*The task*.
This task calls for the lines below starting at the one containing "The image shows" and ending at the one containing "Pair of white", repeated exactly with both ends kept and pictures left out.

*Dataset extract*.
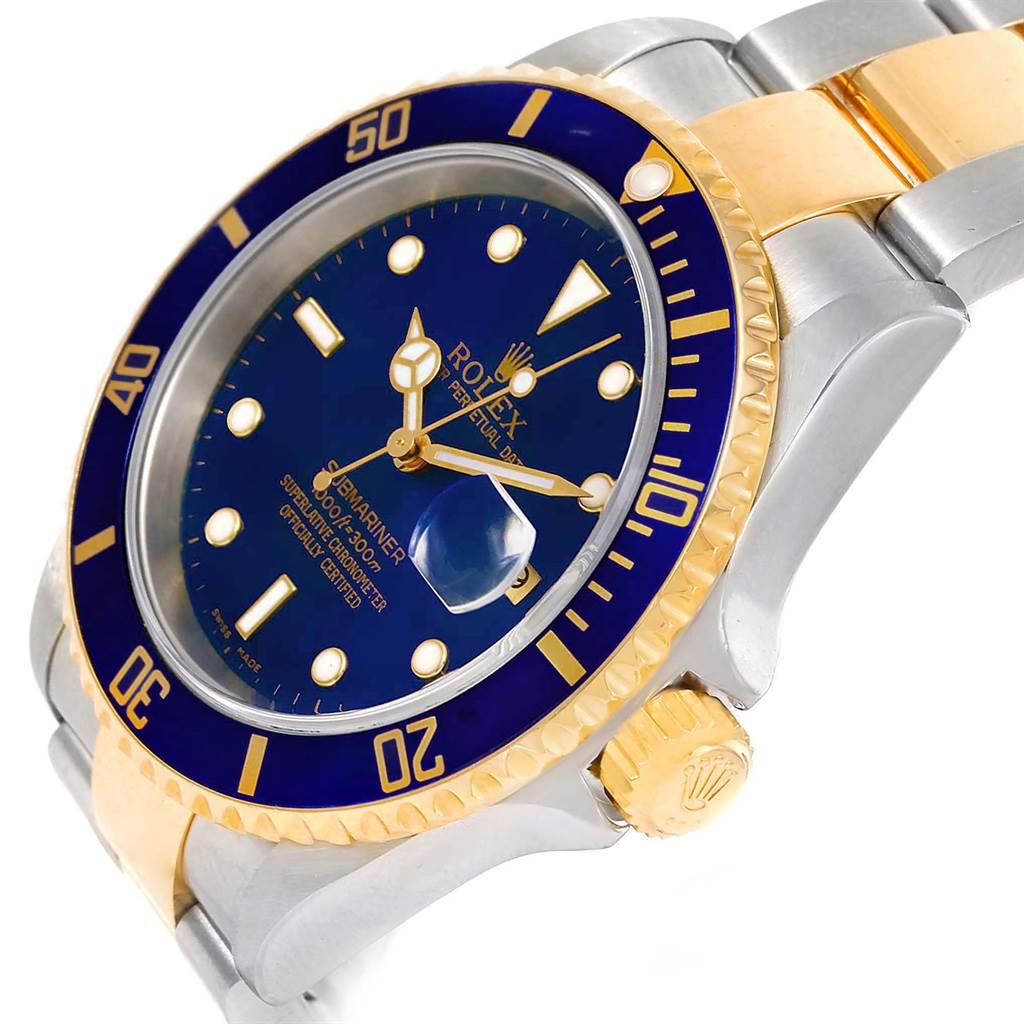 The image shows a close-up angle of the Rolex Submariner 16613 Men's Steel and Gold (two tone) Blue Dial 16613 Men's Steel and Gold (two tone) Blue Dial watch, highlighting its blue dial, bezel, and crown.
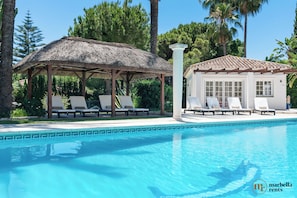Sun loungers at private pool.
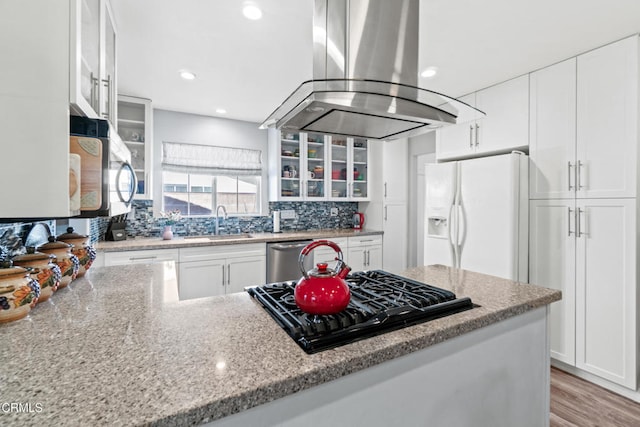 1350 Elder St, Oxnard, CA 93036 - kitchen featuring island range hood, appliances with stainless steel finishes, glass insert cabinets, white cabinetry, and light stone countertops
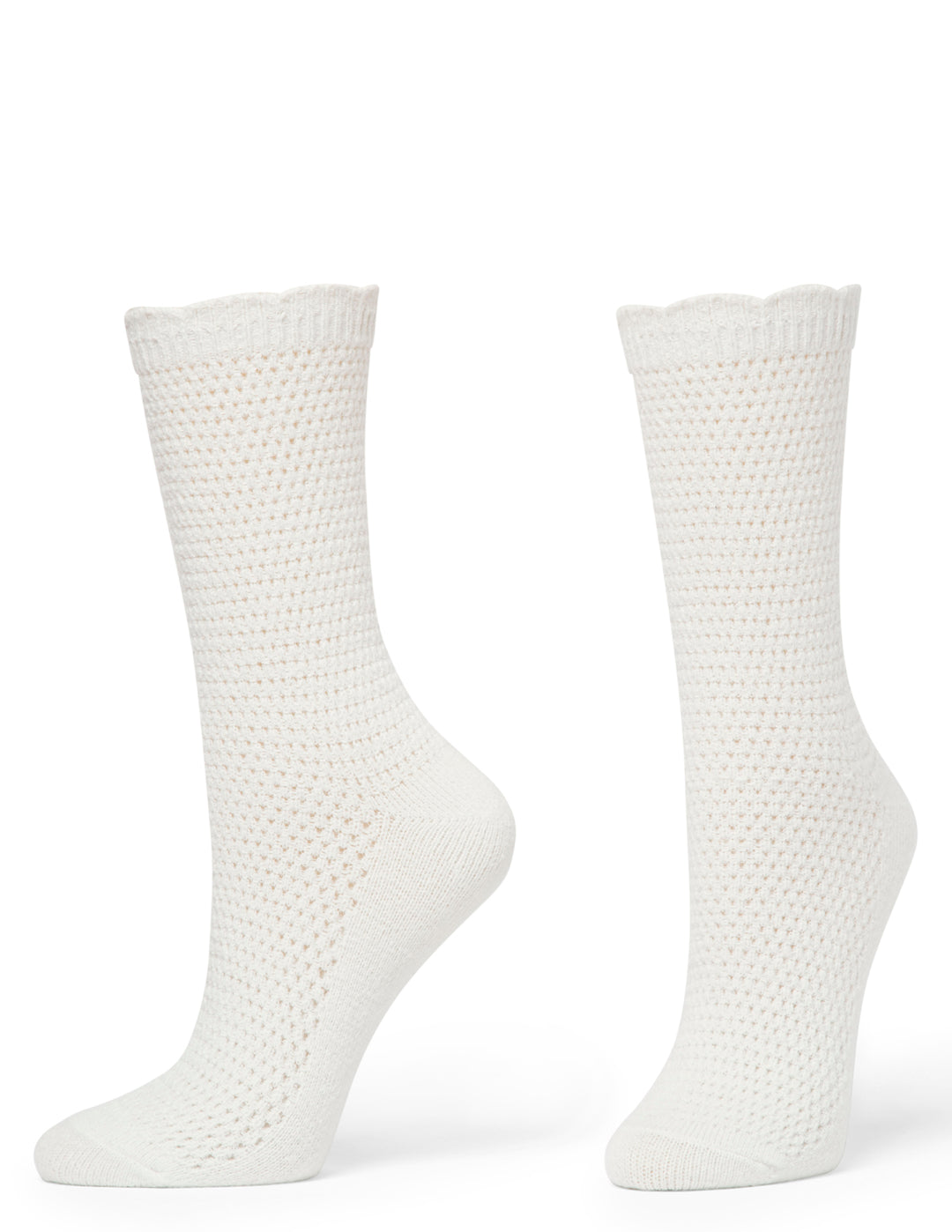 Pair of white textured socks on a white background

--

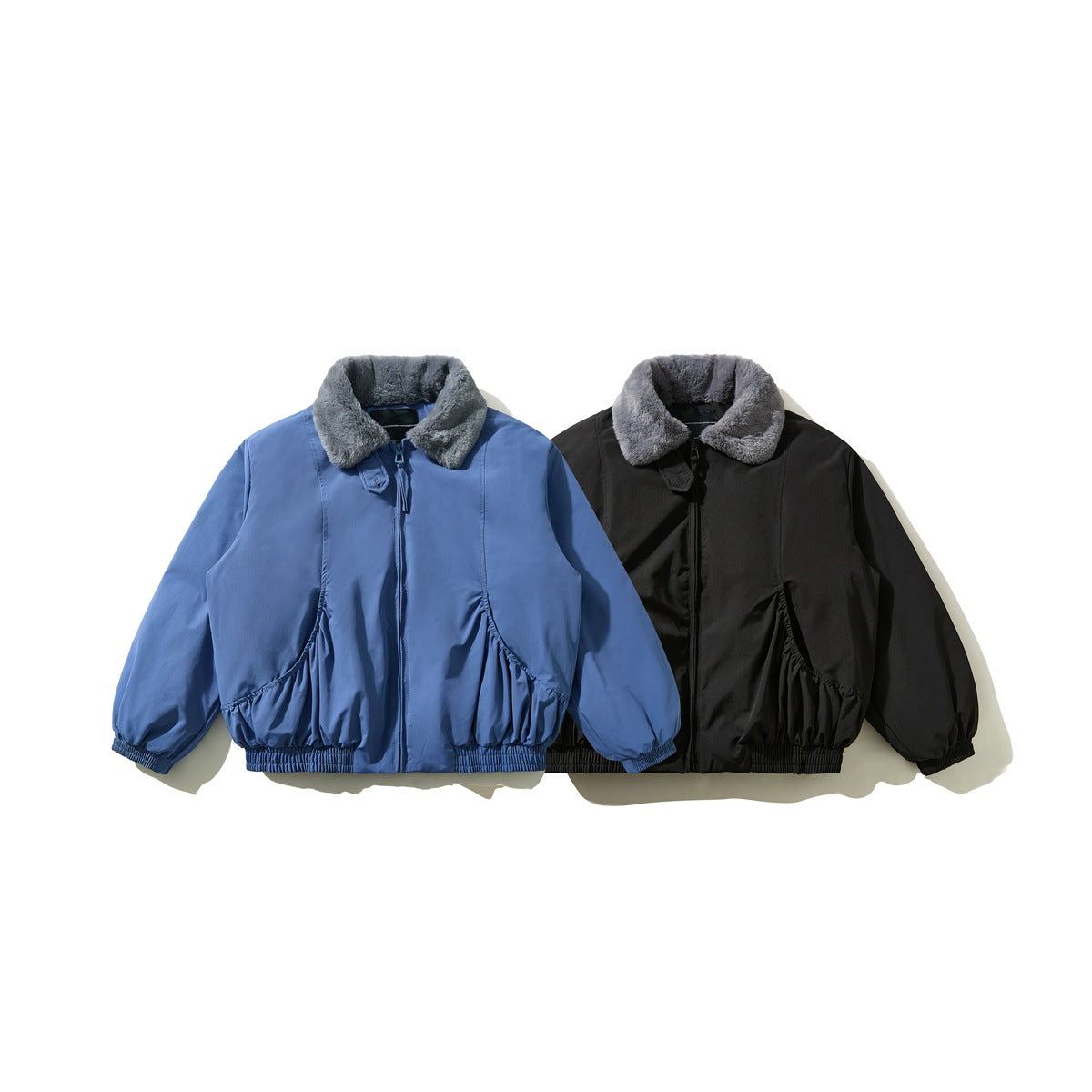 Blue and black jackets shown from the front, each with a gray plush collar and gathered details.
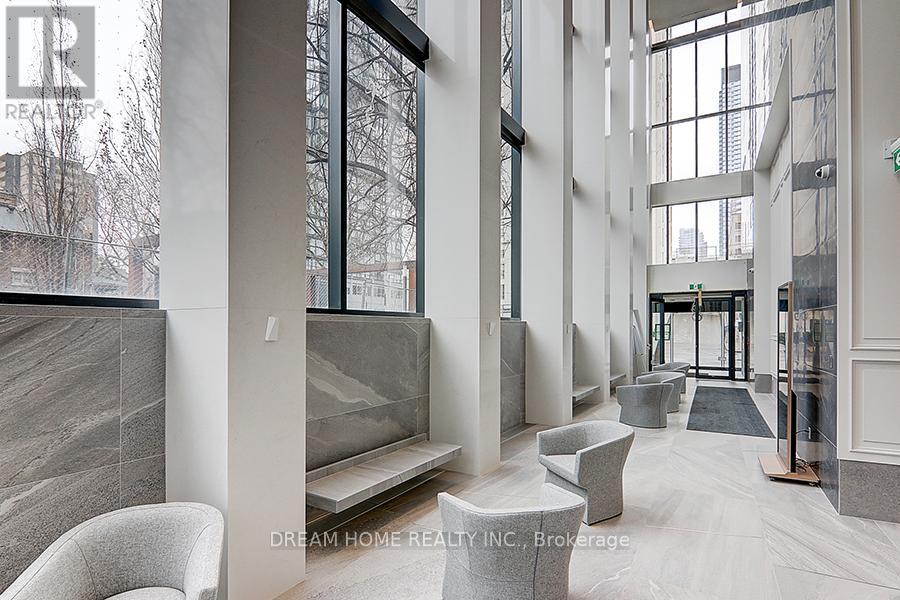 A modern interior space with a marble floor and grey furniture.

*Your solution*.
 The image shows a close-up angle of the Rolex Submariner 16613 Men's Steel and Gold (two tone) Blue Dial 16613 Men's Steel and Gold (two tone) Blue Dial watch, highlighting its blue dial, bezel, and crown.
Sun loungers at private pool.
 1350 Elder St, Oxnard, CA 93036 - kitchen featuring island range hood, appliances with stainless steel finishes, glass insert cabinets, white cabinetry, and light stone countertops
 Pair of white textured socks on a white background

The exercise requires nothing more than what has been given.